# Where to get egg cartons?



## casey15 (Aug 1, 2012)

Where could I get empty egg cartons/egg trays? I need them for my dubia roach colony I'm starting. Would grocery stores let me have the empty ones?


----------



## Carnicero (Aug 1, 2012)

Just go to your local supermarket and ask for some or for them to hold you some on the side. I work in a supermarket and see plenty of the carton trays go into the cardboard baler every week. Its where im going to get mine when I start my dubia colony


----------



## james.w (Aug 1, 2012)

Grocery stores, bakeries, breakfast cafes, etc.

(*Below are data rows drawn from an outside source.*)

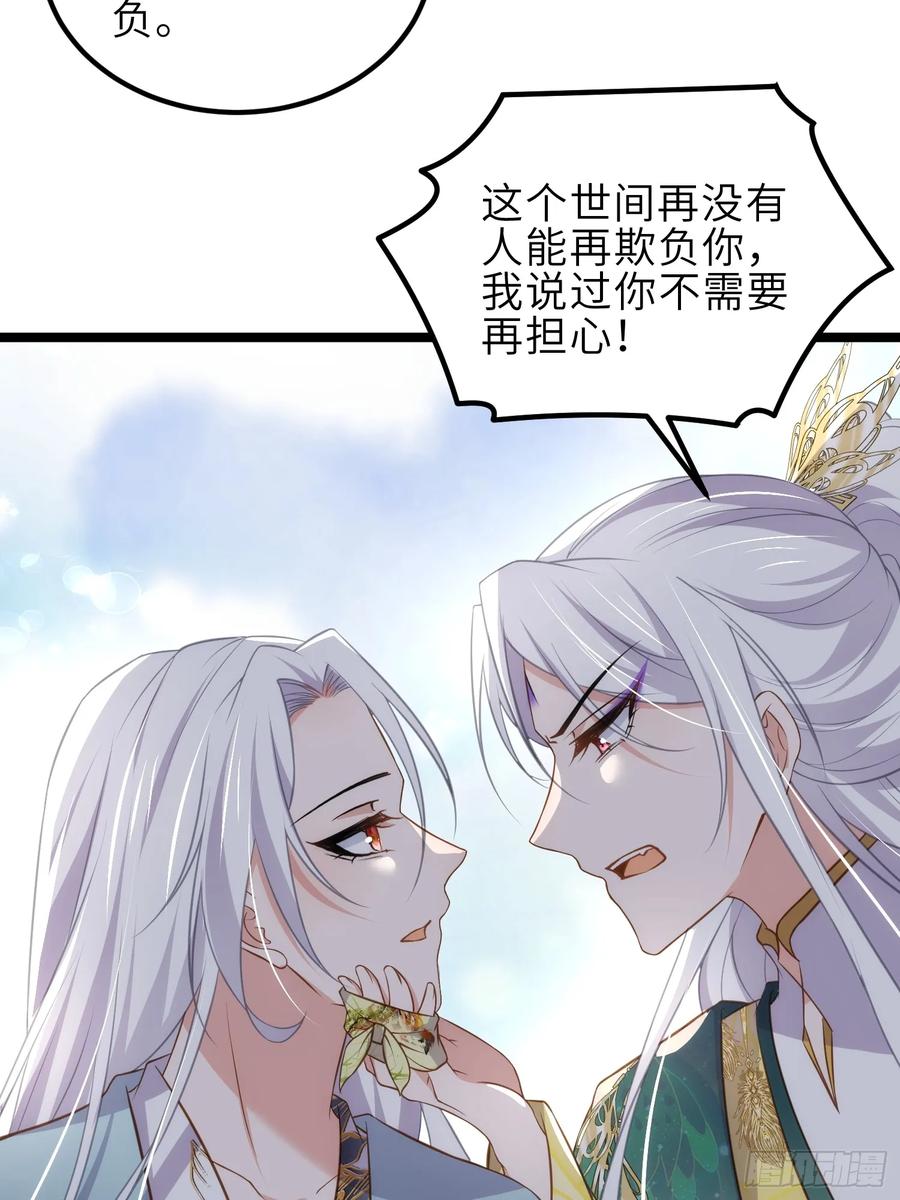 宦妃天下（太监王爷强娶我） 第338话 洛儿抱抱 第12页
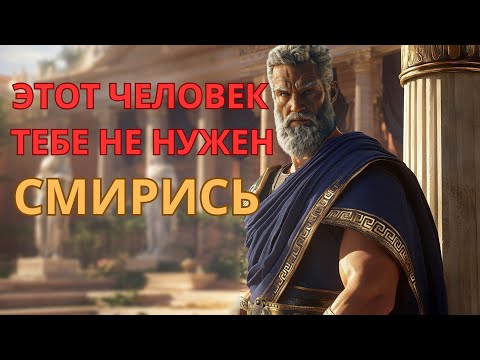 Видео: Вот почему тебе так больно. Просто человек оказался не тем... | Философия стоицизма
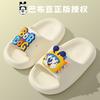 Babu bean children's slippers summer new cartoon one-word drag baby home non-slip cool slippers boys and girls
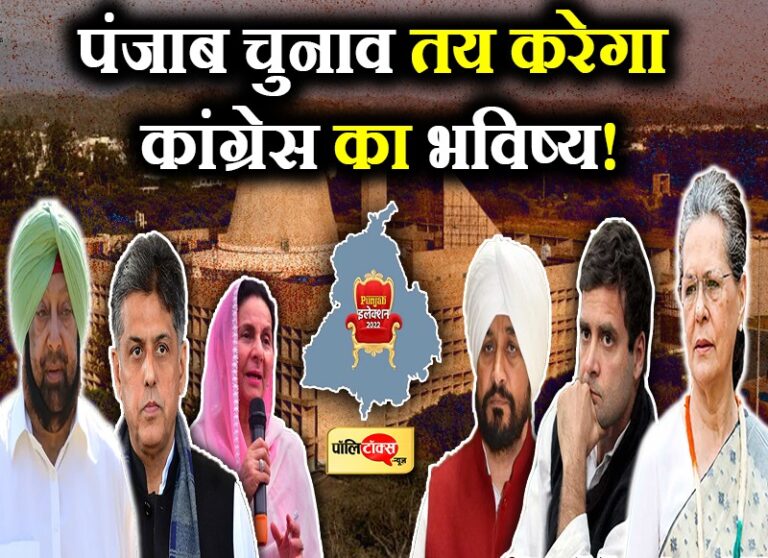 सियासी चर्चा: कांग्रेस का पंजाब जीतना सबसे जरूरी क्योंकि अगर हारे तो होगी सबसे बड़ी बगावत….!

Just make sure they are clean and don't have anything on them. I got about 40 from a breakfast cafe and only about 10 were usable. You can also order them from roachcafe.com


----------



## abominable666 (Aug 1, 2012)

I also recently started a dubia colony. I got my egg cartons from the local Petco. They get tons of em every time they get e new shipment of crickets so they usually have lots in back. I just asked and she gave me like 30 of em.


----------



## Dubya (Aug 1, 2012)

Try Agway. I get them for my chickens from there. A little pricey, about $.45 per carton.


----------



## larissalurid (Aug 5, 2012)

They are sold in bulk on ebay as well. Or you can open a regular egg carton, then super glue 2 back to back to have a double sided thing that will be the same height and width.


----------



## jondancer (Aug 6, 2012)

i get them from the mexicans in my area that sell breakfast burritos . they use alot of eggs.


----------



## Thelegendofcharlie (Aug 6, 2012)

jondancer said:


> i get them from the mexicans in my area that sell breakfast burritos . they use alot of eggs.



I beleive they prefer to be called huevos.


----------